I’m writing 2 programs in Windows 10 to do something like below:
app1: Take an opencv gpuMat do some compute and save the huge date into memory
app2: read from the memory and render it.
I’m now using the host memory to transmit the huge amount of data and it is too slow.( app1 device memory -> app1 host memory -> app2 host memory -> app2 device memory )
What I want is to know if there is a way to pass the device pointer from app1 to app2.
I know there is a way to doing it in Linux with the Inter-process communication (IPC). I am exploring the idea of cuda contexts. I found this question asked in 2009 https://devtalk.nvidia.com/default/topic/418234/?comment=2920332#reply
However I know at that time contexts were related to threads. That changed later to include multi-threding and now they are related per device per processes. https://devtalk.nvidia.com/default/topic/519087/cuda-context-and-threading/?offset=4
I think each app in my case has its own context, being each one a process itself. However I also found that it is not possible to pass pointers between contexts. However reading the driver API https://docs.nvidia.com/cuda/cuda-driver-api/group__CUDA__CTX.html#group__CUDA__CTX, there are functions to pop and push contexts, which gave me the idea of a process driven by app1 being able to pop its cuda context and somehow the process driven by app2 can push it in its stack and in that way I can retrive my data pointer created in app1 and use it in app2.

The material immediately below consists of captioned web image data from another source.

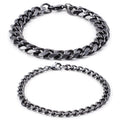 Men's Fashionable Classic Style Necklace Zircon 6mm 8mm 9mm 11mm Non-Tarnish Stainless Steel Chain Bracelet Miami Cuban Bracelet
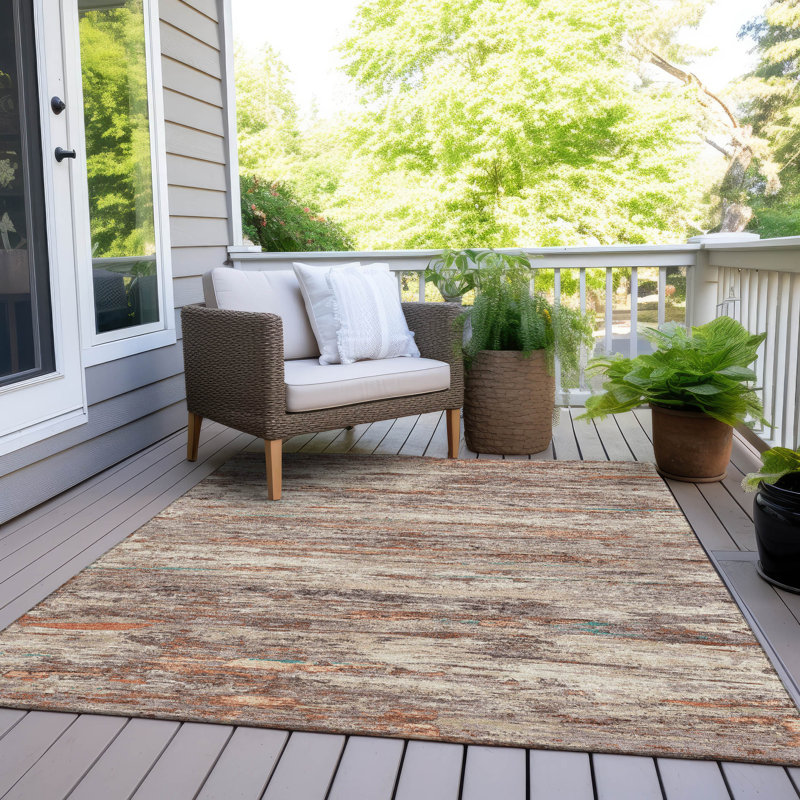 Machine Washable Indoor/Outdoor Xhevrie Terracotta Rug, Rectangle 5' x 7'6"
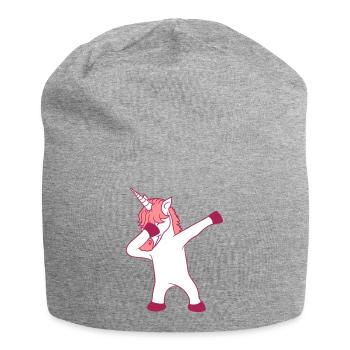 dabbing unicorn dab pose tanz gluecklich stehend e - Jersey-Beanie - Grau meliert - Vorne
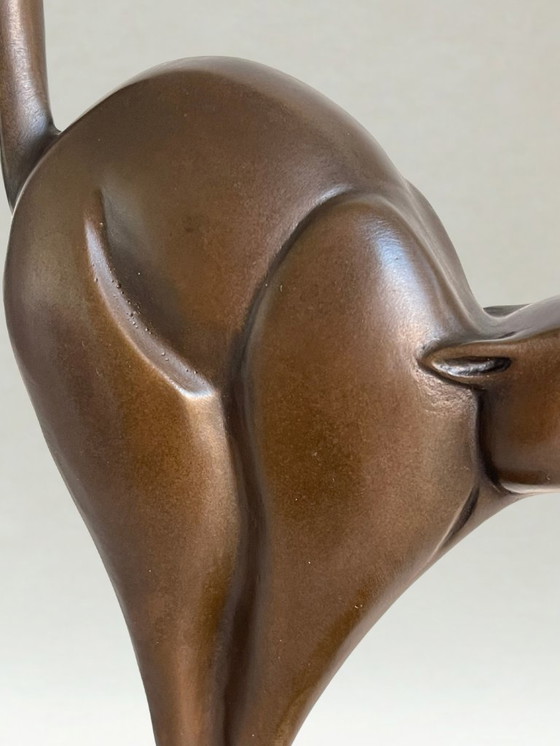 Image 1 of Art Deco bronzen panter – gesigneerd C. V. D. Hoef – 26 cm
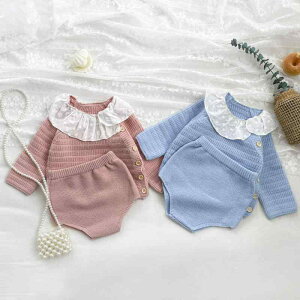 ベビー服 女の子 ニット プリンセス セットアップ 襟付き 長袖 セーター 上下セット 2点セット かわいい おしゃれ ピンク ブルー 春秋 お食い初め 100日祝い お宮参り 誕生日 記念日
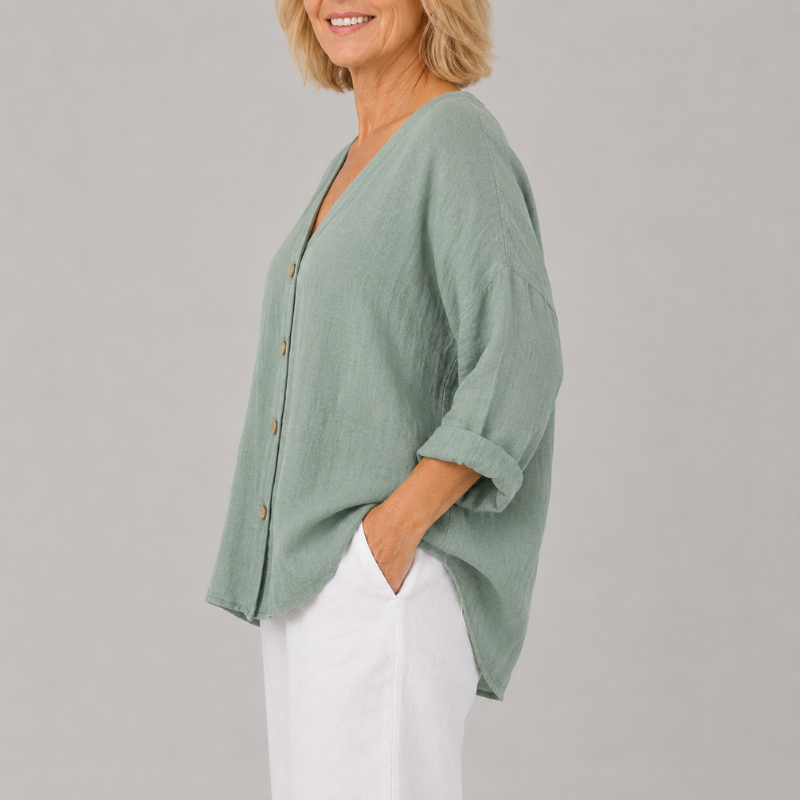 Women's Relaxed Fit V-Neck Blouse with 3/4 Sleeves and Button Front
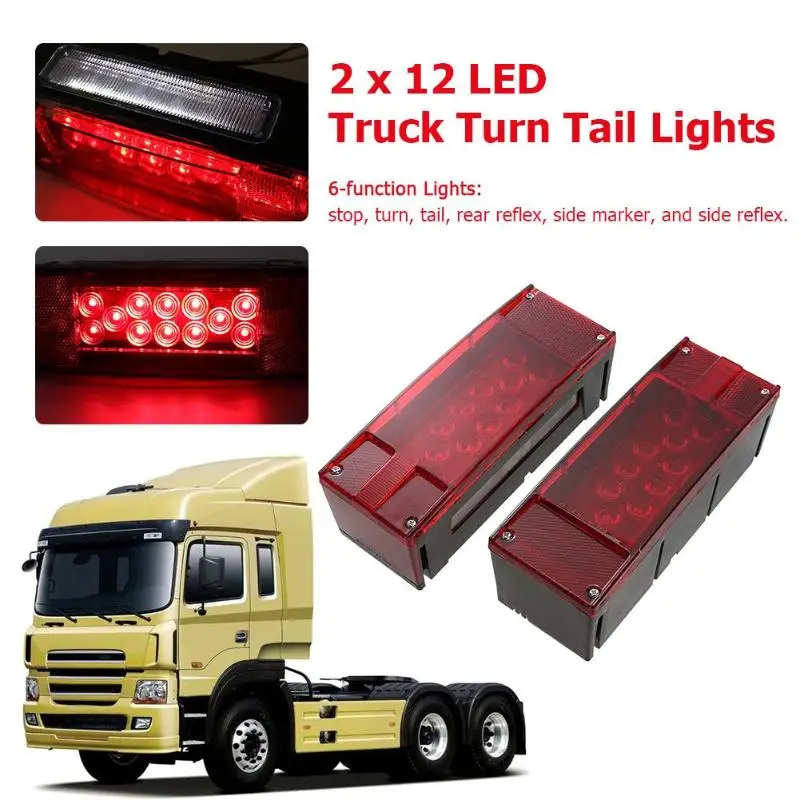 

2pcs Left+Right LED Red Trailer Boat Rectangle Stud Stop Turn Tail Lights Waterproof LED Red + White Truck Turn Tail Lights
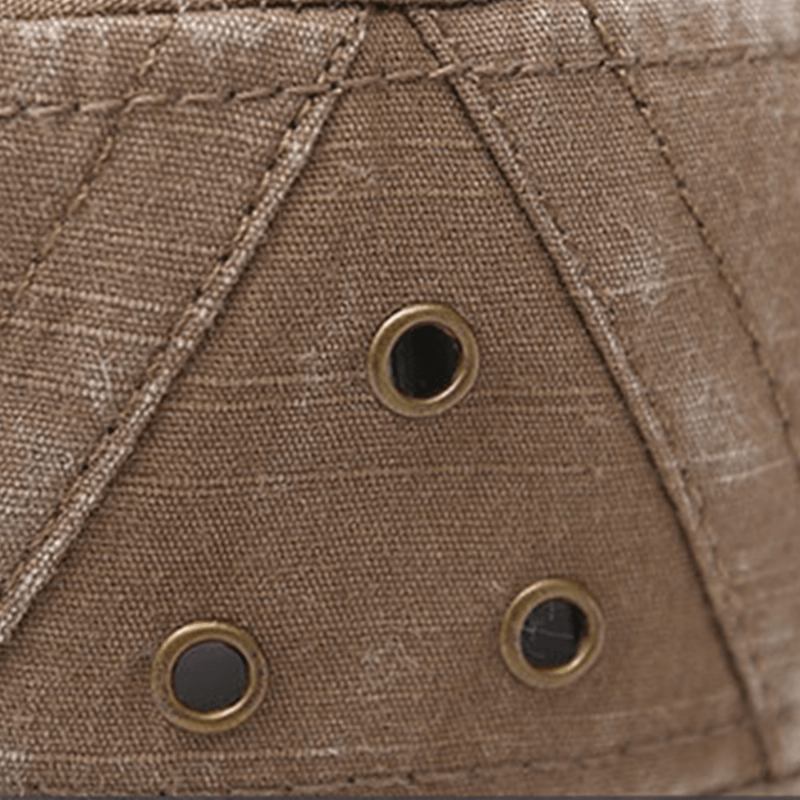 Män Vintage Koppar Stoma Metalletikett Militär Cap Distressed Justerbar Cadet Hat Flat Cap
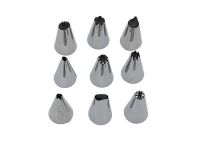 Набір кондитерських насадок для крему і прикраси тортів з нержавіючої сталі 8 штук D 1,8 cm H 2,2 cm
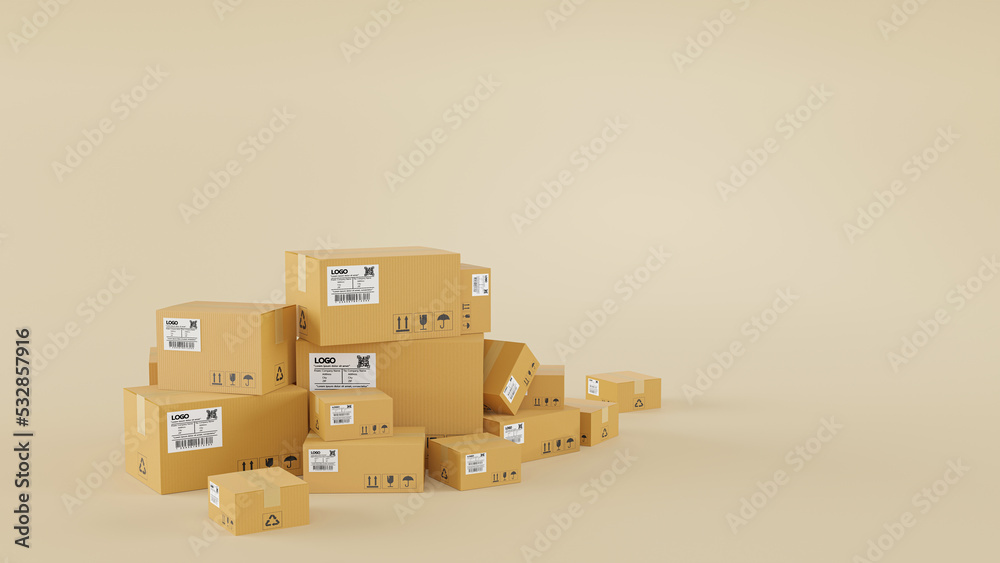3D render of pile of stacked realistic cardboard brown delivery boxes mockup on brown background. delivery cargo box with fragile care sign symbol, handling with care. Parcel packaging template. 3D render of pile of stacked realistic cardboard brown delivery boxes mockup on brown background. delivery cargo box with fragile care sign symbol, handling with care. Parcel packaging template.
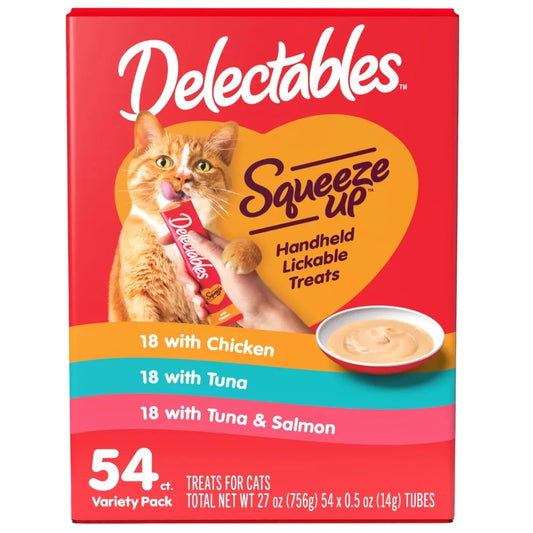 Squeeze Up Lickable Wet Cat Treats – Variety Pack of Creamy Flavors, 0.5oz Tubes, 54-Count Box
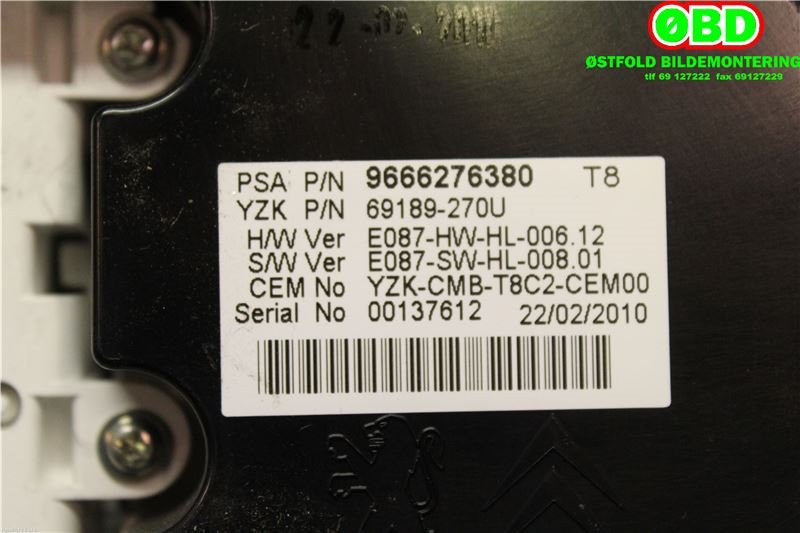 Instrumentpanel til Peugeot 5008 2010-2017 (Type I)  (PEUGEOT|6103Y4|9805170680|9666276380)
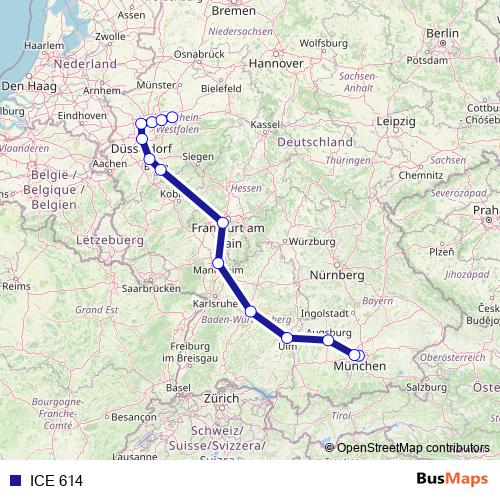 ICE 614 rail Line Map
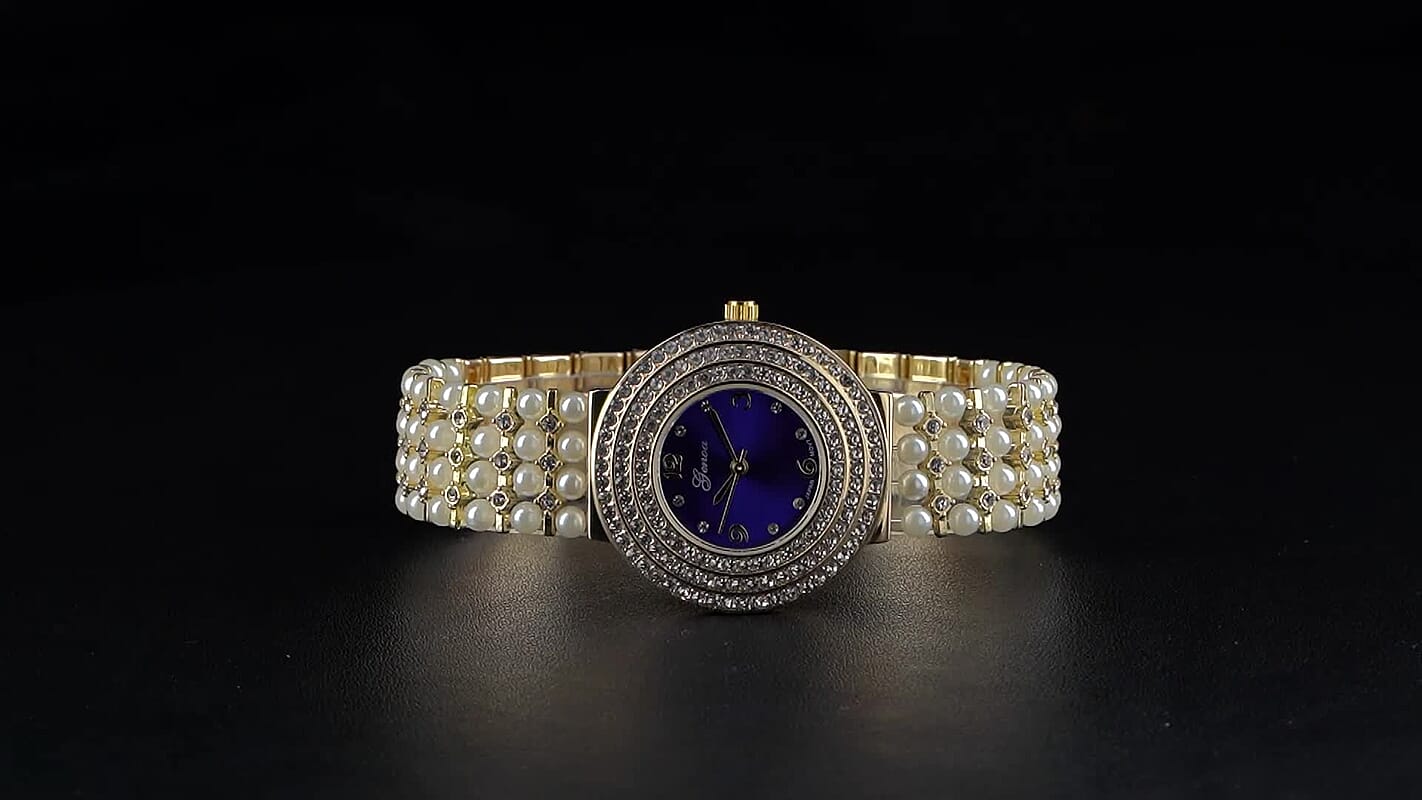 Genoa Austrian Crystal, Simulated Pearl Japanese Movement Blue Dail Watch in Goldtone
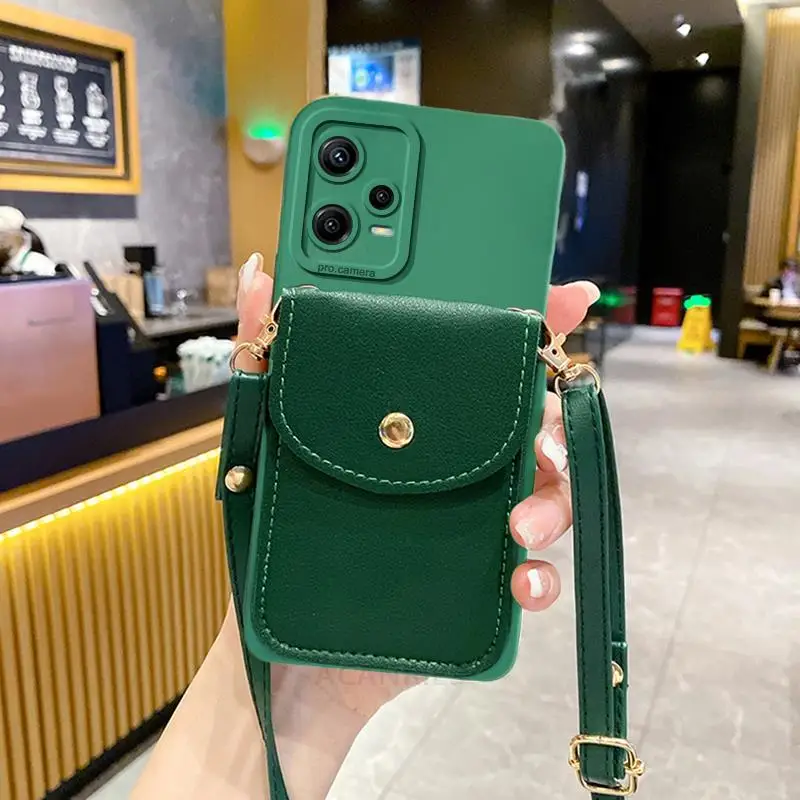 Note12 Crossbody Wallet Card Holder Case On For Xiaomi Redmi Note 12 Pro Plus 5g 12s 4g 12pro 12c Lanyard Silicone Cover Note12s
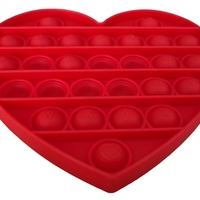 Jucarie antistres din silicon, Push Pop Bubble, Pop It, Neo Toy, forma inima, Rosu, 12x12x1.5cm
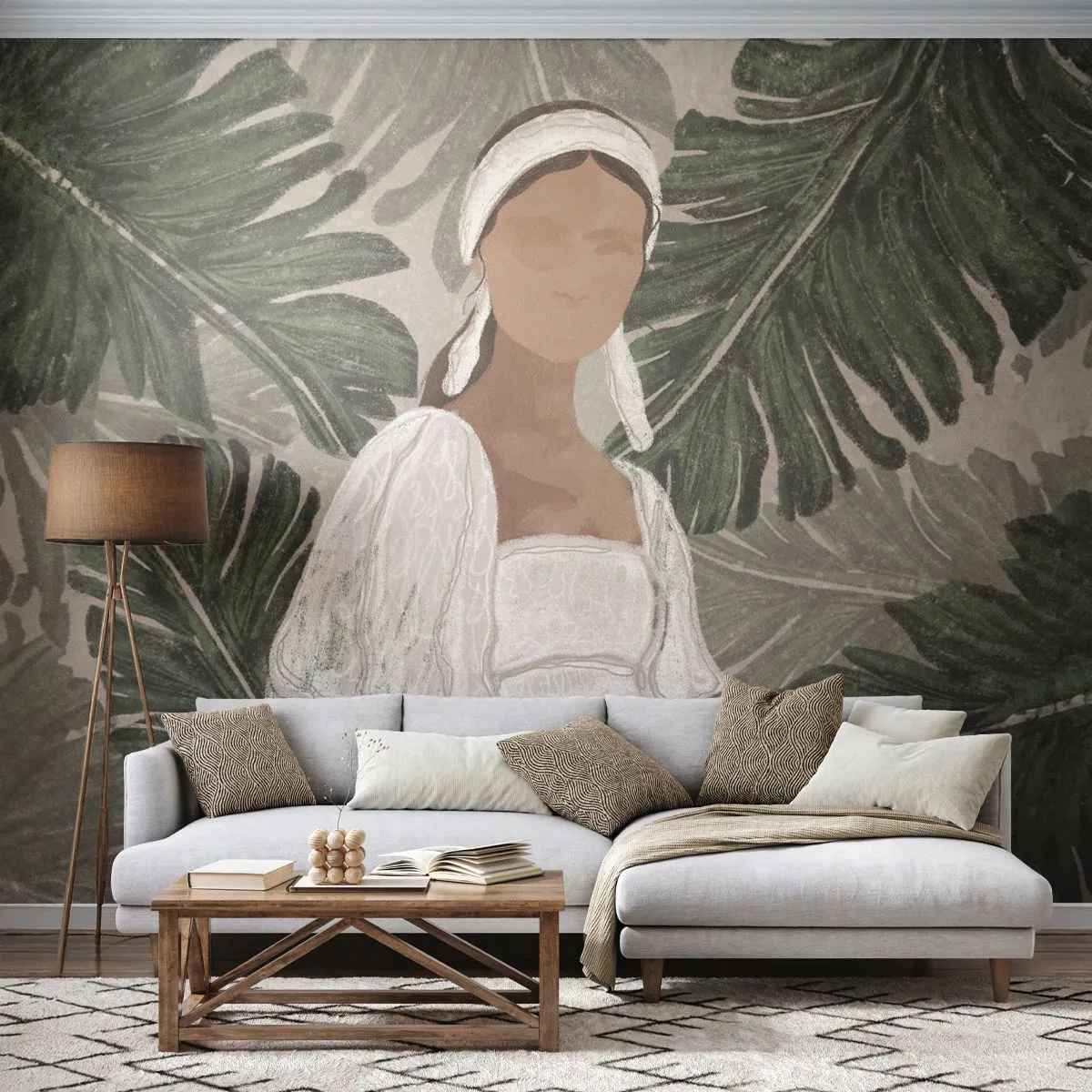 Fotótapéta Premium Sand - Egzotikus portré - Boho, Nő, Levelek - 500x350 cm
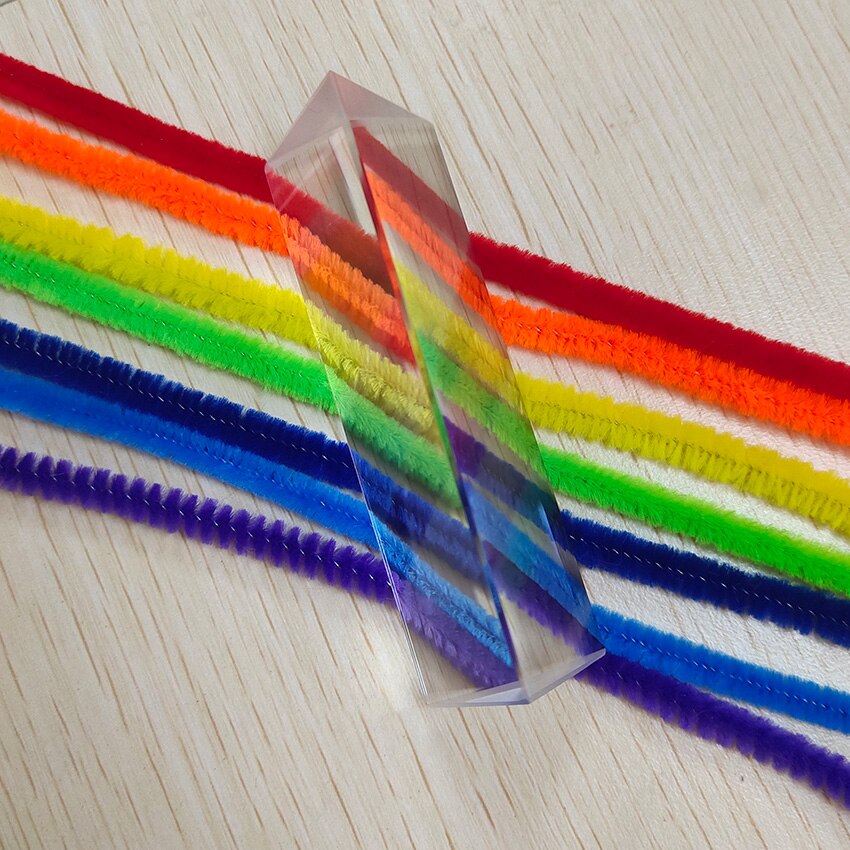 Prisma Triangular 25x25x80mm prismas de vidrio óptico enseñanza de Física refractado espectro de luz Arco Iris estudiantes equipo de enseñanza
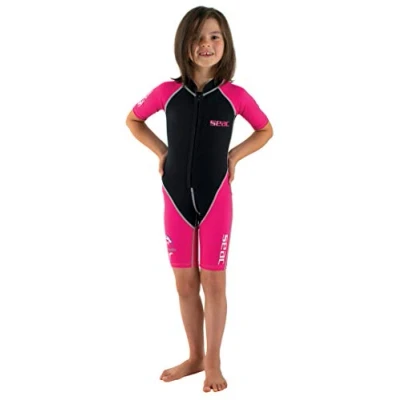 Afbeelding van SEAC Dolphin, Shorty Wetsuit voor kinderen in 1,5mm Neopreen en Lycra Zwemmen, Snorkelen Spelen het Water, Fuxia/Zwart, 7 jaar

Is this possible? If so, how?
// App1: has data stream send by MPI with a cpu memory to an image h_inIm, // I also have access to ncols and nrows // there are other ways to create the gpuMat, for example: creating a mat header for h_inIm // and then using cv::Mat::upload to create inImg. However I want the cuda context so I use the // cuda runtime calls to make sure I have created a context CUresult a; CUcontext pctx; cudaSetDevice(0); // runtime API creates context here unsigned int arraySz = nrows * ncols*sizeof(float); const size_t step = ncols * sizeof(float); float * d_inIm; cudaMalloc((void **) &d_inIm, arraySz); cudaMemcpy(d_inIm, h_inIm, arraySz, cudaMemcpyHostToDevice); cv::cuda::GpuMat inImg = cv::cuda::GpuMat(nrows, ncols, CV_32F, static_cast<char*>(*d_inIm),step); cv::cuda::GpuMat outImg(nrows, ncols, CV_32F); //... do some operation with opencv in the gpu so, d_inIm becomes d_outIm someFunc(inImg,outImg); // Now I want to pass a pointer to outImg, this is outImg.data in a stream through MPI to App2 // I do not want to go to the host to pass the data //My problem is that as soon as app1 is finished outImg's pointer will get out of scope //and I am not able to pass it. I think here I can do something like: a = cuCtxGetCurrent(&pctx); assert(a == CUDA_SUCCESS); a = cuCtxPopCurrent ( &pctx ); //can I send pctx through a stream using MPI ? If so how app2 will acquire it? // My intuition tells me that it will get destroyed when app1 finished. //Or can I use a = cuCtxPopCurrent ( &pctx ); in app1 as my last call? // then inside app2 has a call to a = cuCtxPushCurrent ( &pctx ); ?
I would really appreciate any help you can provide.